We’ll try tomorrow the JS Challenge option. If we still see screen resolutions of 0x0, then we’ll have to go back with Captcha.
My worry with JS Challenge is that the bot might be using a JS compatible headless browser like headless Chrome:
you need to look at your server logs and find info about this requests… it may be a legal bot you don’t want to block, your server probably have nginx or apache installed and probably has requests log turn on.
if you don’t have logs you can use cf worker to send logs containing all relevant info and analyze them
Alright, I am afraid they dont seem to have much in common which could establish a hard block. There is neither a common pattern in the user agents (apart from Chrome of course) nor in the origin of the requests (IPs and AS’es wildly differ).

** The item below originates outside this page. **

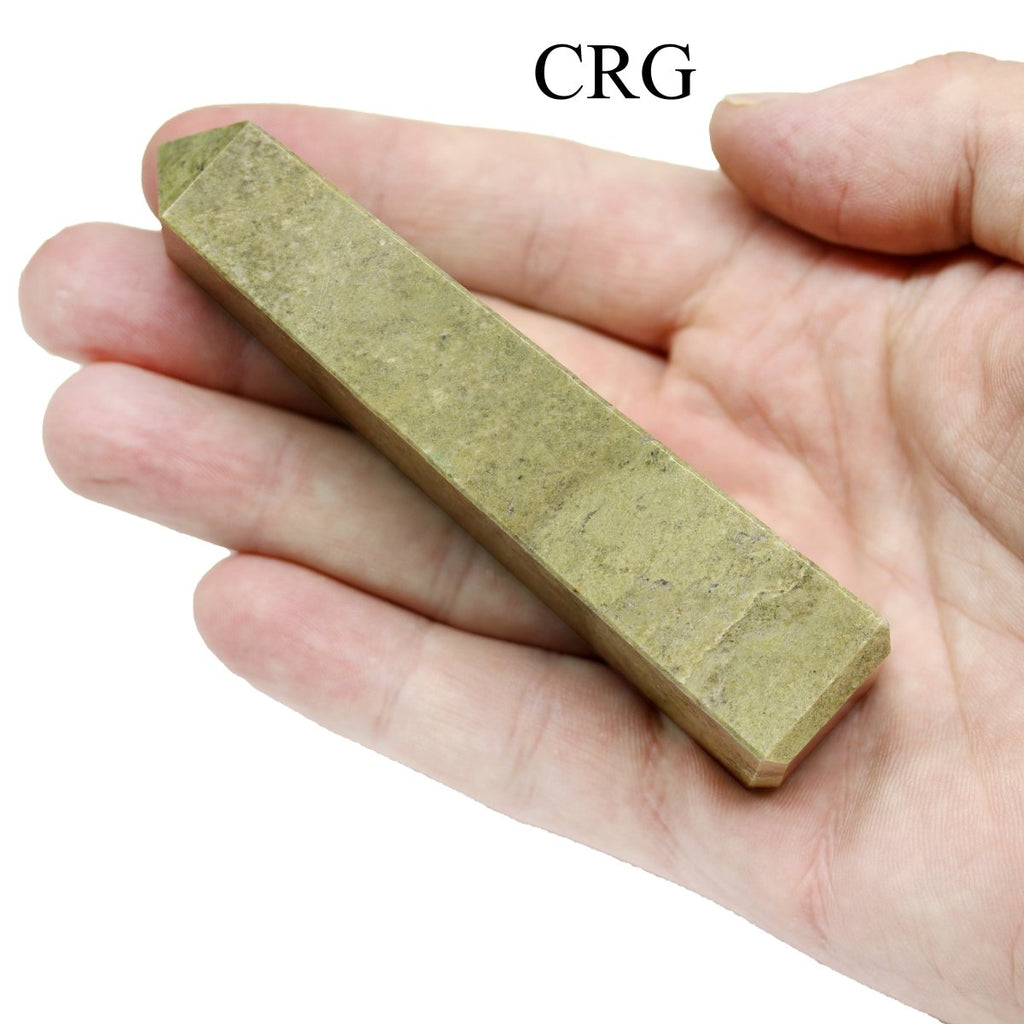 SET OF 2 - Vesuvianite Towers / 3-5" Avg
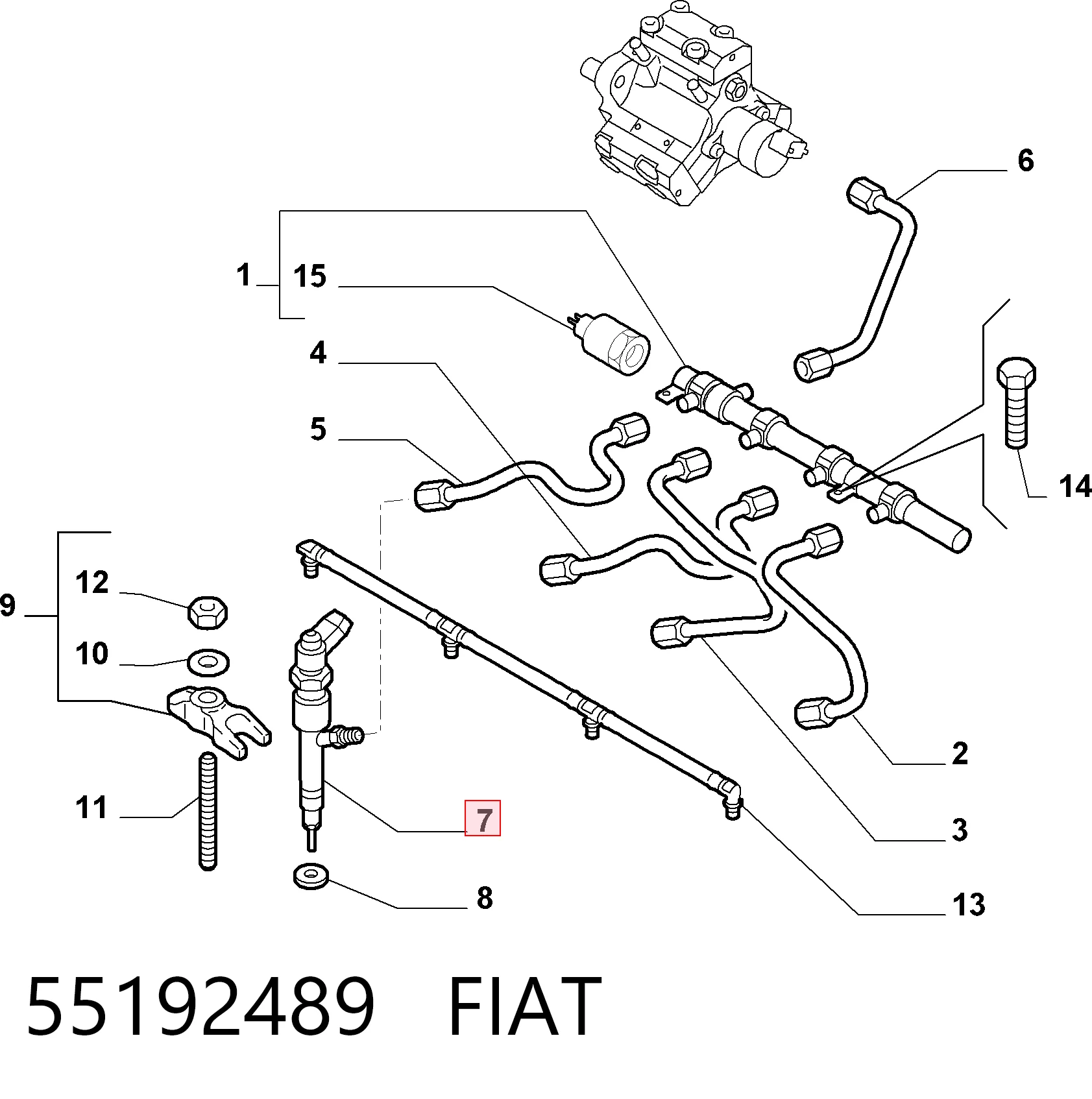 Форсунка інжектора Alfa Romeo 147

What I noticed though is it seems these connections come from actual ISPs and not datacentres. That would speak against traditional crawler or scrapers and more for a sort of botnet.
If they still visited subpages I’d even consider assuming they might be genuine visitors who have some sort of privacy extension installed which fakes the screen resolution, however if you say they only request the main page and stop there we can probably rule that out.
If all of that does not work you could fall back to some server-side implementation where you actually check for the resolution.
just to add a bit to what sandro said… there is still some things you need to check, maybe they have common refer? maybe they have common x_forwarded_for? does each ip hit your site in specific interval? how many times per minute\hour? how many ip actually hitting you with this behavior? if you will examine the full logs a little more you could find some pattern.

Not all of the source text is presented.